## Exercise aim
Your output should be everything below from the line containing "Fleece Crew Neck Sweatshirt Product Image" down to the line containing "JA Hotel Shinfukae", both ends included, copied exactly, with pictures left out.

## Supplied data
= Beginning of Section =
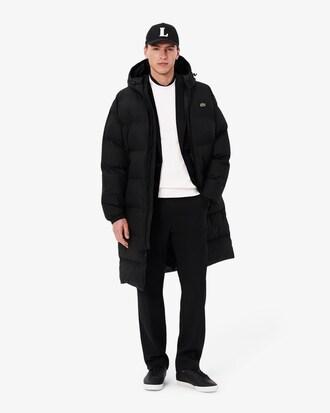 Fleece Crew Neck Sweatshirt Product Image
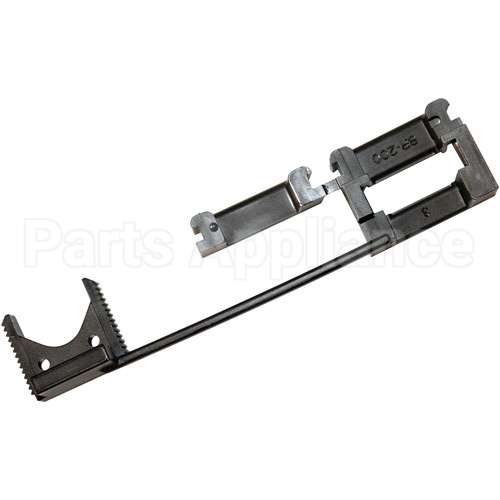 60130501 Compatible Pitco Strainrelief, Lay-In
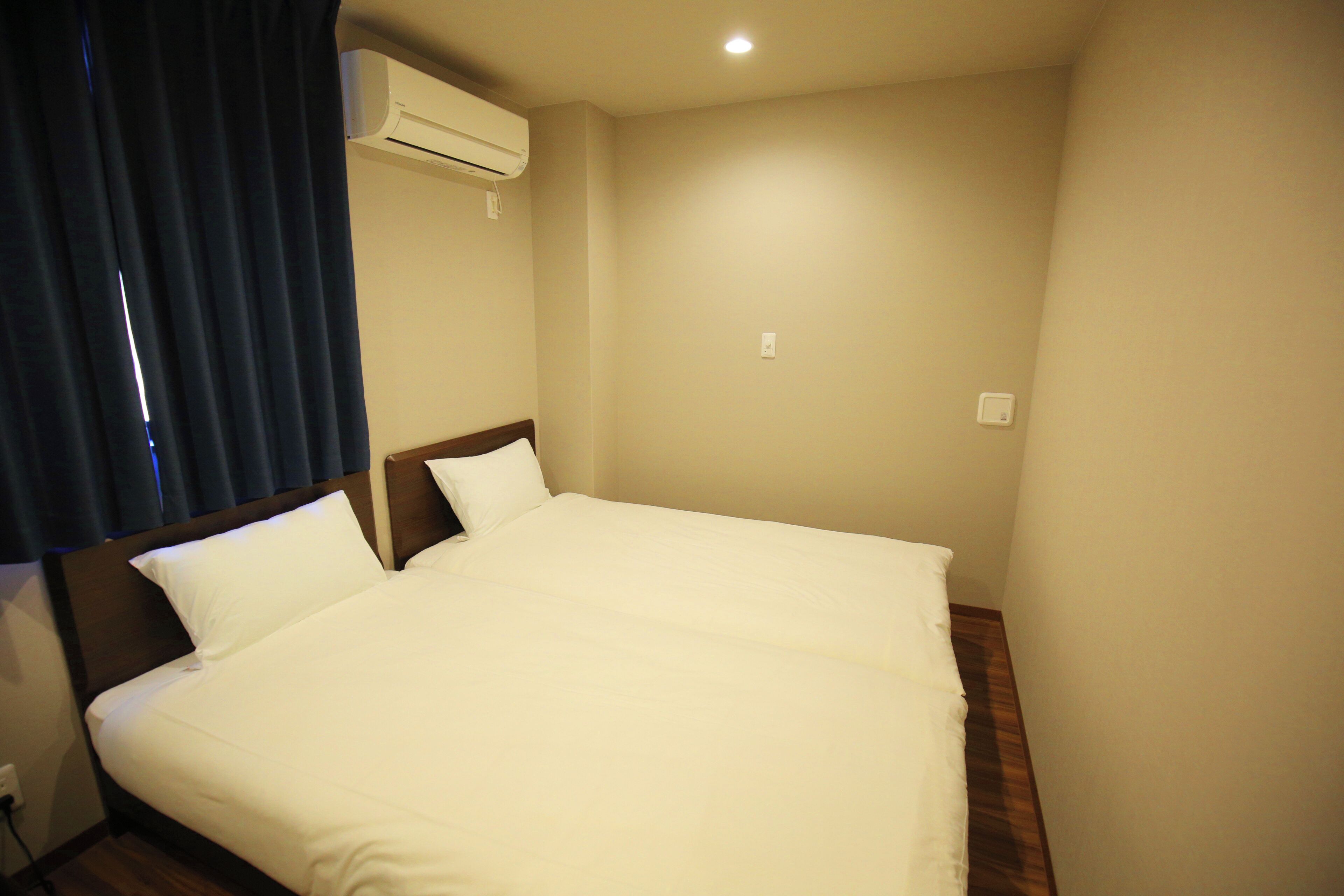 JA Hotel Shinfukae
= End of Section =
= Beginning of Section =
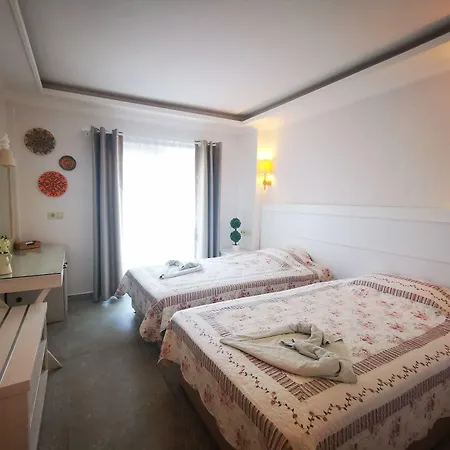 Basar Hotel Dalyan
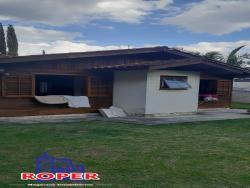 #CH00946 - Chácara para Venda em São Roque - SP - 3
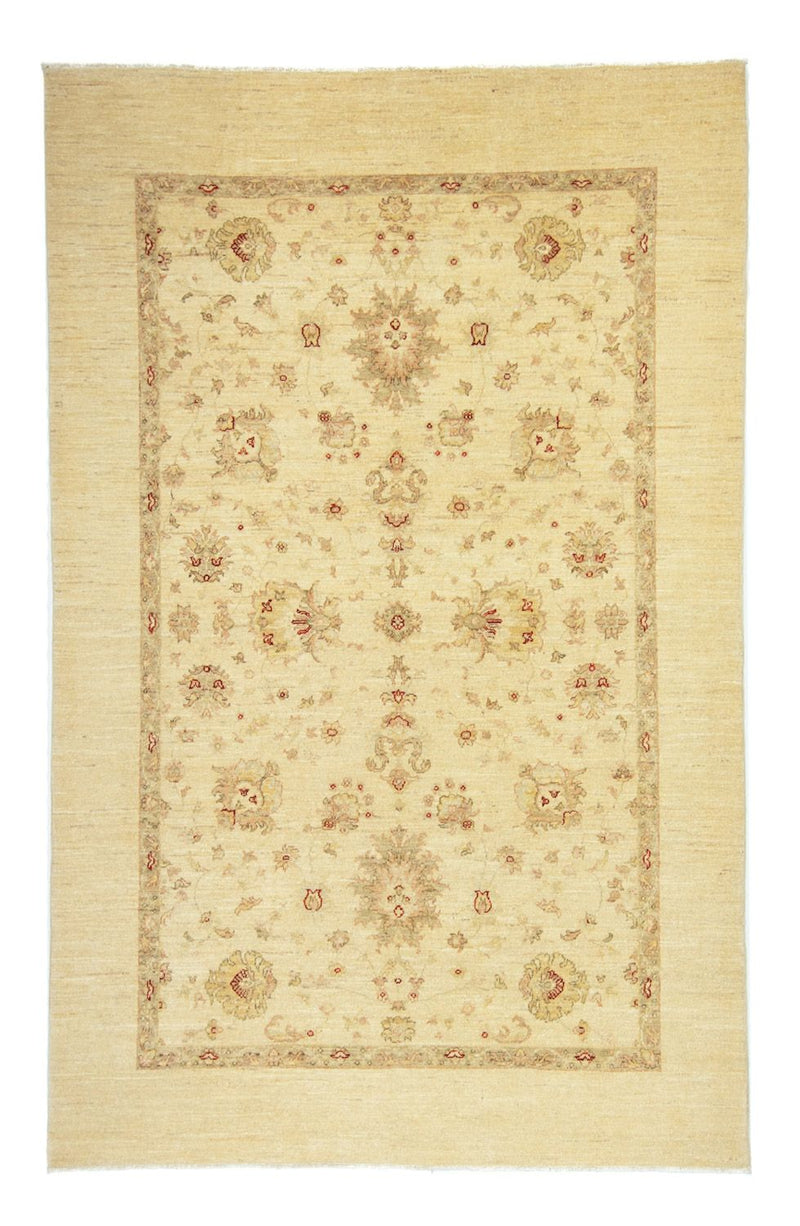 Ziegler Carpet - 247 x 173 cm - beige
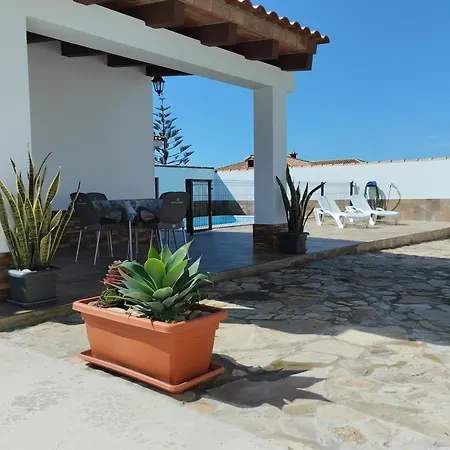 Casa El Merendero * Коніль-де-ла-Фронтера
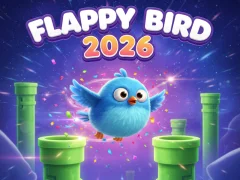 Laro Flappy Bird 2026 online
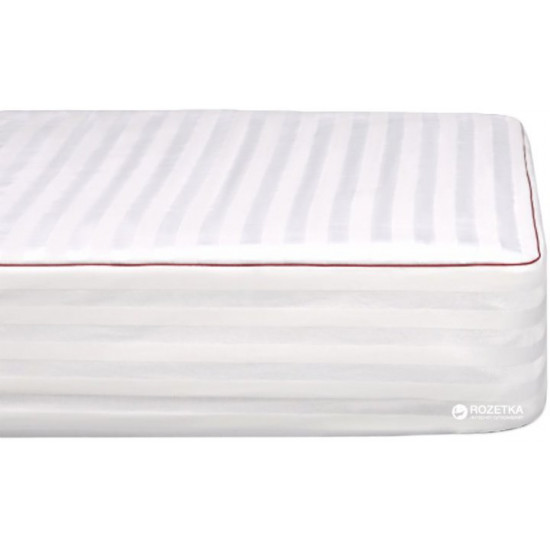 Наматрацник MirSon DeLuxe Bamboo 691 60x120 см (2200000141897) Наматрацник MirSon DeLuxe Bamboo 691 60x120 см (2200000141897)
= End of Section =
## Result for this exercise
 Fleece Crew Neck Sweatshirt Product Image
 60130501 Compatible Pitco Strainrelief, Lay-In
 JA Hotel Shinfukae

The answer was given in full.